Indypub: What is your writing bottleneck?

My thought here is that we need to stop calling it “writer’s block” and start calling it “writer’s bottleneck.”

I’m working on a short story that I have to have done today, because I’m putting it up tomorrow.  It’s already up to 4K, and I have no idea how it’s going to end yet.

I’m also working on a novel that I have to have done before June 1, because I do, and I’m at the point where I don’t know how to get from where I am to the end in an efficient, logical, and yet moving manner.

Two bottlenecks.  Both related to the fact that I have a lot of moving parts set up, but I don’t know how to fit them together.

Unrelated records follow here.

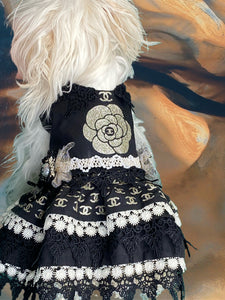 Chanel style Black Dress
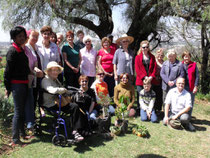 Newcastle Herb Society, at Fort Amiel, Newcastle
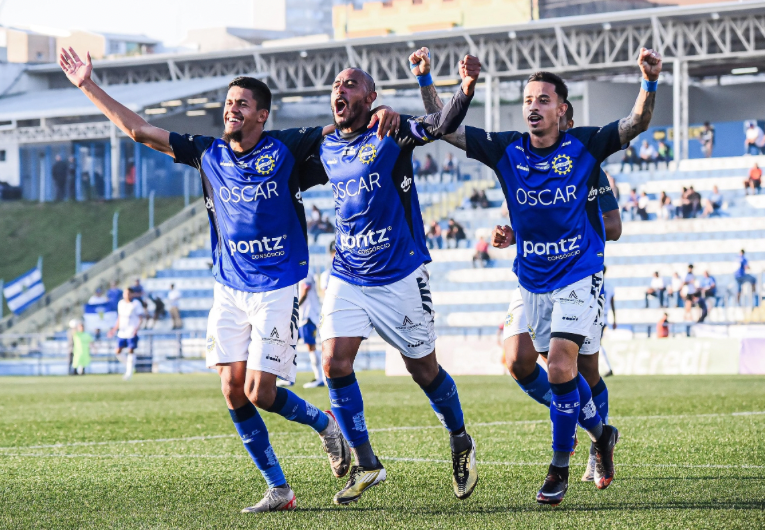 imagem da materia: São José goleia Santo André e mantém 100% na Copa Paulista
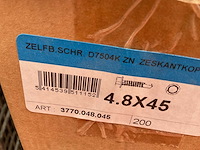 6 dozen houtdraadbouten - afbeelding 4 van  6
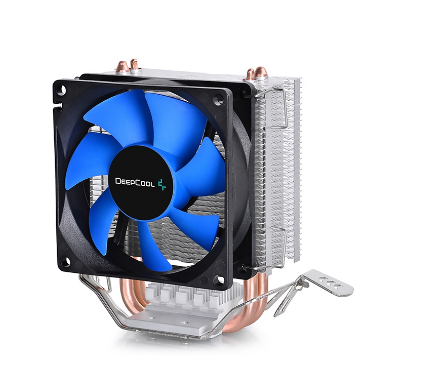 Deepcool ICE EDGE MINI FS V2.0 CPU Cooler 2 Heat Pipes For Intel LGA1700 1200 1155 AMD AM5 AM4 80mm Fan 3pin Interface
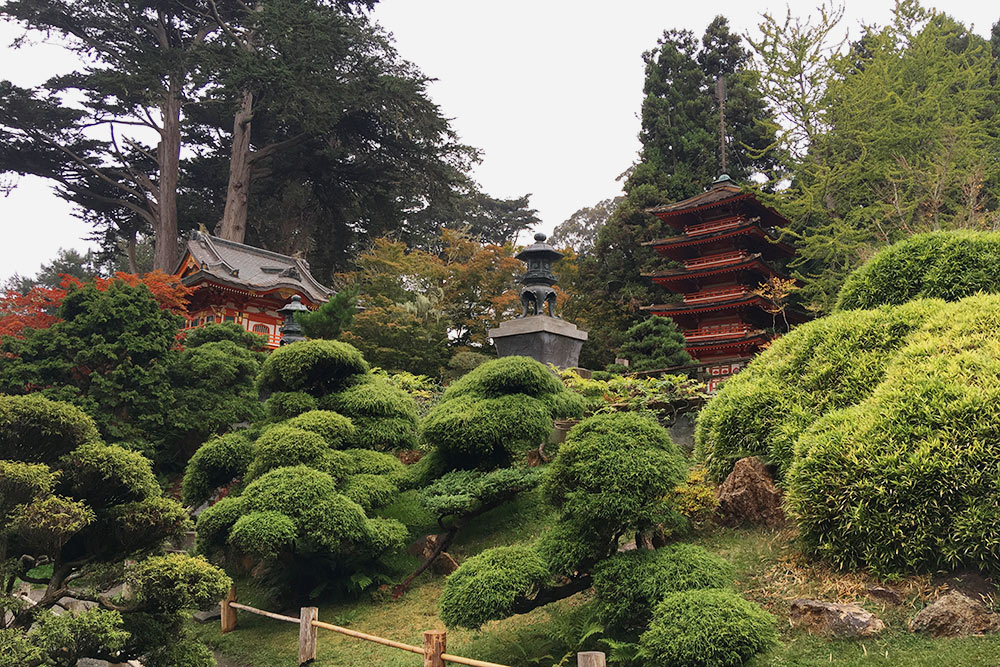 Японский сад был красивым, но особо меня не впечатлил — за деньги я бы туда точно не пошла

This is the point at which I used to abandon stories, because I had no idea what to do.  I mean, it wasn’t that I had no idea how to solve the specific problems of the stories; I thought that because I got to a point where I had no idea what to do, that I had failed as a writer and needed to abandon that story.  In the end, that bottleneck has more to do with my faith in myself as a writer than in my actual talent.  It was more about fear than ability.

Only those stories in which I knew the various pieces and parts and how and why they all fit together were real stories, I thought.

My step after that was to learn how to outline, in which I could write down my thoughts about what would come next, and see everything all laid out on a piece of paper before I started writing.  That led to a big leap for me.

But lately, I’ve been taking more risks in writing stories that don’t start out with outlines.  It makes me nervous.  What if I get to a point where I don’t know what to do next?  What if I don’t write a story, but just peter out?

And yet, I’m at the point where I know that I can write a story, not knowing how it will come out; it will come out as a story, as long as I don’t abandon it.  I don’t have perfect control over pacing and length, but that seems to be as much a part of the discovery process as anything else.  If the idea is a short-story idea, then I’ll end up with a short story, relatively speaking.  Ditto for novel ideas.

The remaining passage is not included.